CALGARY, ALBERTA–(Marketwired – June 17, 2016) – Canadian Spirit Resources Inc. (“CSRI” or the “Corporation”) (TSX VENTURE:SPI) (OTCBB:CSPUF) is pleased to announce that it is increasing, subject to TSX Venture Exchange approval, its previously announced non-brokered private placement offering from $500,000 to $640,000. The private placement is comprised of a combination of common shares of the Corporation issued on a flow-through basis pursuant to the Income Tax Act (“Flow-Through Shares”) at a price of $0.10 per Flow-Through Share and units of the Corporation (“Units”) at a price of $0.10 per Unit. The offering will close in two tranches, the first of which occurred on June 1, 2016, and the second of which is expected to close by the end of June 2016.
The Flow-Through Shares issued pursuant to this placement will entitle, subject to various income tax considerations, Canadian investors to a renunciation in 2016 of Canadian Exploration Expense expenditures to be made by CSRI up to December 31, 2017 equal to 100% of their total subscription amount.
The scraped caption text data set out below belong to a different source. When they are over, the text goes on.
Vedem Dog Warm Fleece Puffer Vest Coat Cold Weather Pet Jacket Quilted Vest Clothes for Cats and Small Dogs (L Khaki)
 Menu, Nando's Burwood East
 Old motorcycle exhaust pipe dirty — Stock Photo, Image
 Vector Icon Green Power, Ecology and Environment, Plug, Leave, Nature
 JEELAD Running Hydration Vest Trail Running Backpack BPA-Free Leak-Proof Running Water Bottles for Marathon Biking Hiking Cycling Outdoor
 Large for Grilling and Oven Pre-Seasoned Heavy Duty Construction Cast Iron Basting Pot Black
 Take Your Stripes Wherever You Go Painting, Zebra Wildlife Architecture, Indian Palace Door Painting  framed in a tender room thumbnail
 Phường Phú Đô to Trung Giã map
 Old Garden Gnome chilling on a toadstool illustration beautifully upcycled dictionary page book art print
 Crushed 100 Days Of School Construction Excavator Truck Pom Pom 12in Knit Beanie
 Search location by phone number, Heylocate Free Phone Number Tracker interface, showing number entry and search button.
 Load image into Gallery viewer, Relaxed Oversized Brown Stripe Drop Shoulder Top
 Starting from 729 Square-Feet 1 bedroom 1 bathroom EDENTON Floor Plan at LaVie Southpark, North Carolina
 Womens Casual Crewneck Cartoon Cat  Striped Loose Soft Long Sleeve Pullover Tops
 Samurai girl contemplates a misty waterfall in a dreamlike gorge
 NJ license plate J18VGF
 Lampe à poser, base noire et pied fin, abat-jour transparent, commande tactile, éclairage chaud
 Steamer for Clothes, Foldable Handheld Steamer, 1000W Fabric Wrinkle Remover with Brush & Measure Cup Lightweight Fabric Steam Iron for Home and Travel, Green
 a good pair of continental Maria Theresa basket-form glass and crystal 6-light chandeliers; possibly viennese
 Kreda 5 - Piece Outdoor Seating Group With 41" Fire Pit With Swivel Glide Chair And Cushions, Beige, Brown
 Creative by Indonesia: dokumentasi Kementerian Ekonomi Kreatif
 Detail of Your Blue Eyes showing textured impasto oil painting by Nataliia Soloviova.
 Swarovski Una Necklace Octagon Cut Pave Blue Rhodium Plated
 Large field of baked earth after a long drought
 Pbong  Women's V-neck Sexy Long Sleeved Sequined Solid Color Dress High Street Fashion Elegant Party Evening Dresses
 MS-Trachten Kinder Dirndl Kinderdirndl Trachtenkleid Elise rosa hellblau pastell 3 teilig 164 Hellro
Each Unit will consist of one common share of the Corporation and one-half of one common share purchase warrant (“Warrants”). Each whole Warrant will entitle the holder to purchase an additional common share of the Corporation for a period of one year at an exercise price of $0.10 per share.
The Corporation may pay finder’s fees of up to 6% in cash.
All the securities issued pursuant to the offering will be subject to a four-month restricted resale period under Canadian securities laws.
The net proceeds of the offering will be used to gather reservoir information at the Corporation’s c-69-H/94-B-1 well that was drilled at Farrell Creek, British Columbia in the first quarter 2016, and for general corporate purposes.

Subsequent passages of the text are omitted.